Director: Tom McCarthy
Cast: Matt Damon, Camille Cottin, Abigail Breslin
Screenplay: Tom McCarthy, Marcus Hinchey, Thomas Bidegain, Noé Debré
140 mins. Rated R for language.
I’ve been waiting on a follow-up to Spotlight for some time now. Tom McCarthy (The Cobbler) exploded as a director with his film about the Boston Globe uncovering the Catholic Church’s history of child molestation cover-ups. I’ve heard mostly solid things from my colleagues on McCarthy’s newest film, Stillwater, but I had no real intel on the film, and I didn’t know much going into it save for Matt Damon (Good Will Hunting, Jay and Silent Bob Reboot) being oddly cast as an oil rig worker. Surprisingly, Damon is among the better performances in this film that mostly succeeds even with a more muddled climax.

Bill Baker (Damon) has been back and forth between his small town of Stillwater and Marseille to visit his incarcerated daughter Alison (Abigail Breslin, Little Miss Sunshine, Zombieland: Double Tap), who is in prison for murder.

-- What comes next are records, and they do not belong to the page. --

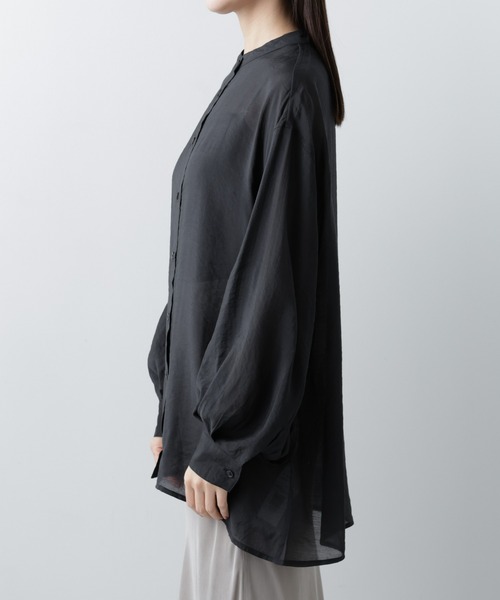 NANO universe(ナノユニバース)の「【WEB限定】ボリュームスリーブシャツ(シャツ/ブラウス・レディース・ブラック/キャメル/ライトベージュ・マルチサイズ)」の21枚目の写真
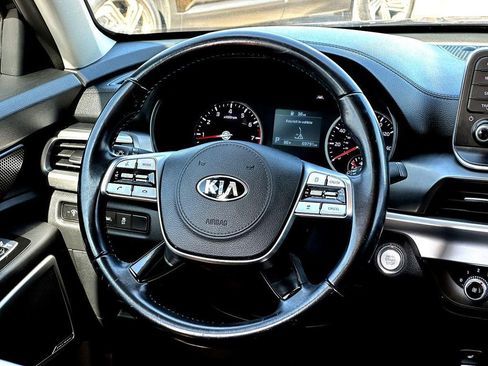 Used 2020 Kia Telluride S image 28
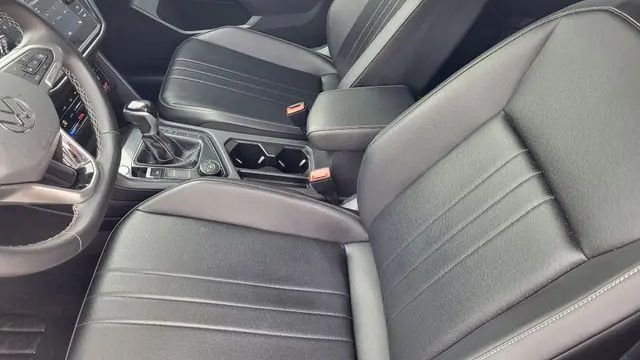 2022 Volkswagen Tiguan SE 4Motion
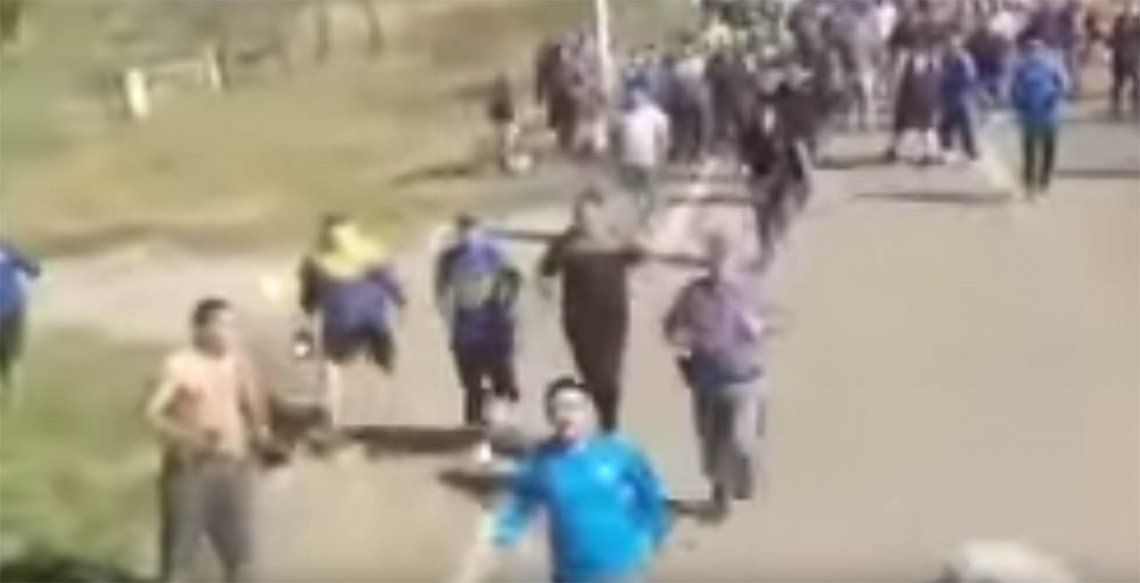 Video | Así fue el ataque de los barras de Boca contra unos hinchas de San Martín Tucumán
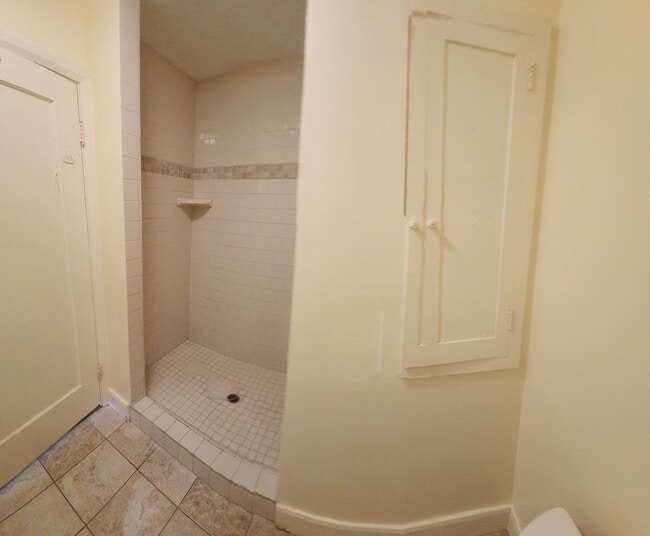 Building Photo - 7 Bedroom 3 bath home close to POLY!!!!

When new information surfaces but the lawyers refuse to look into it, Bill takes it upon himself to investigate the info, and he gets the help of Virginie (Camille Cottin, Allied, TVs Call My Agent!) to assist him with navigating the legal system and the language barriers that exist with the differing cultures.
It’s hard to play a character that doesn’t seem to talk throughout the entire run time of the film, and yet Matt Damon tackles the role of Bill Baker in a surprisingly honest way. He doesn’t speak long emotional monologues, but he speaks in every gesture, displaying the wide array of emotions through a quiet and more subdued performance of visual tics and believable character building, and while I don’t agree with his choices throughout parts of the narrative, I can understand his reasoning, however flawed it can be. I can’t deny that even as I watch Bill lie to his daughter in the opening moments of the film, anger fueling me at the sheer stupidity of his false hope, I can still totally see why he would act that way.

There’s significant chemistry between Bill and his newfound friendship with Virginie as they play two entirely opposite people that have little in common other than the common decency of select humans. I was unaware of actress Camille Cottin before seeing here in Stillwater, and I was quite impressed with her turn as the actress aspiring to make ends meet for her child. The child, Maya, played by Lilou Siauvaud, is another standout performance here, specifically her scenes with Damon as he discovers a change to be a better father figure to her than he was with Alison.
Something else that struck me as quite powerful in Stillwater was the examination of culture, specifically in how it married the Oklahoman Bill Baker, full of Americana, burger-eating, and country-music-listening, to Marseille and the world that exists beyond our shores. The ways that McCarthy’s film examines the similarities and contrasts of the two worlds was quite effective and made for an interesting experience in viewing Stillwater.
Where the film falters is in its run time and its ending. For starters, this film is far too long, and to be fair, there’s a lot of film packed in here, but there’s simply no need for this movie to run 140 minutes. There’s an important plot adjustment in Act II that puts the film in a meandering state, where I felt that the character journeys took center stage at the detriment of plot. The character arcs are all quite interesting, but I was left wondering when we were getting back to what this movie was about. In fact, I had almost started wondering if the story would return at all before it did in a grand way. Unfortunately, the film’s main climax left me with too many questions about how events unfolded, what happened to certain characters, and the overall reality of the plot progression. I wouldn’t say any of this ruined the finished film, but my level of confusion and questioning caused me to try and make plot points fit together on the ride home from the theater. I’m not sure if some of this connections were in the script but excised in the editing bay or if they were never written in the film to begin with, but they pulled me out of the film.

With shades of Sean Penn’s The Pledge, Stillwater is full of pain, reckoning, and the forced acceptance of mistakes, and thankfully McCarthy injects a tiny bit of comedy in places where he can, or the film would be a drag of depression throughout. I really liked Matt Damon’s performance, and the think his character arc and the story are challenging and captivating, even if the ending drops off a bit. Stillwater is an interesting story, one we’ve seen before, but the infusion of cultural parallelism and a flawed but intriguing lead character make for an engaging film that I recommend.